Beheld by Alex Flinn

Beheld by Alex Flinn

Author:Alex Flinn
Language: eng
Format: epub
Publisher: HarperCollins
Published: 2016-11-11T05:00:00+00:00


2

When we reached home, it was worse than expected. There were two telegrams, two on the same day. George was confirmed dead. Jack was missing.

“Maybe he’s a prisoner,” I said. I had to hold on to hope of seeing Jack again, dear Jack, who had held by hand and taken me to the zoo. Jack, who had helped me with my spelling, Jack, who’d been my ally in the war against my sisters.

“Missing just means they haven’t found a body,” Ethel said.

“Don’t say body. I can’t think of Jack like that.” But I thought of Phillip’s sunken ship, all the men on board. They were likely “missing.” Ethel was right.

In the weeks that followed, I had nothing to think of but grief. We had a small funeral for George. Then we wore black and went about our lives as if we weren’t wondering how anything could ever be the same again. We shuffled about our lives by day, and at night, we sat in the dark, remembering what would never be, the good times that wouldn’t be had, the weddings, the nieces and nephews never born. There was nothing even to look forward to. I cried every night for George and Jack, but especially for Jack, whose body lay God knew where in France. And the bombs continued to fall, one, two, even three nights in a week, without warning, so we never knew what was coming.

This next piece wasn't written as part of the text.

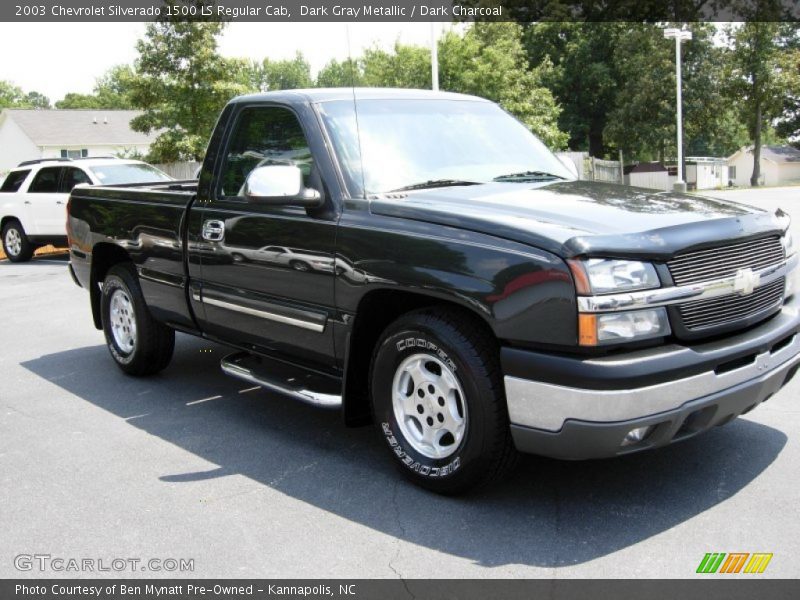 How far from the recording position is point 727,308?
13.0 feet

Only when the weeks became a month did I admit I was still thinking about Phillip, the man from the party. I thought about him all the time, about that day, the first time I’d felt like a grown-up. I wondered if he wondered about me. Probably not. Still, I looked for him on the street, at the grocer’s, everywhere, but I didn’t even know what he looked like, other than tall with blond hair. I asked people who had been to the party, people like Helen and Dora, who was now Mrs. Private Ned Stone, but they didn’t know who he was. No one did. I hoped maybe he was searching for me, and I went to the only places I thought I might find him, near the elementary school. And Regent’s Park, where it smelled nothing like springtime in an atomizer. All of London stank of smoke and sulfur and motor oil and death. It was gray and hazy and cold as ice. I would never find him.

Over dinner one night, we were discussing, as usual, the possibility of leaving London.

“A bomb hit the Bank of England yesterday,” my father said over a dull dinner of mostly vegetables and rice. “I think you should go and stay with my aunt Lydia. It would be safer.”

“But we’d be leaving you,” my mother said. “We could all stay in a shelter.”

“That bomb gutted the Underground station. I want you to leave. If you left, I wouldn’t always have to worry about you if there’s a bombing.”

I knew he didn’t mean he wanted us to go away, just wanted to make us safe.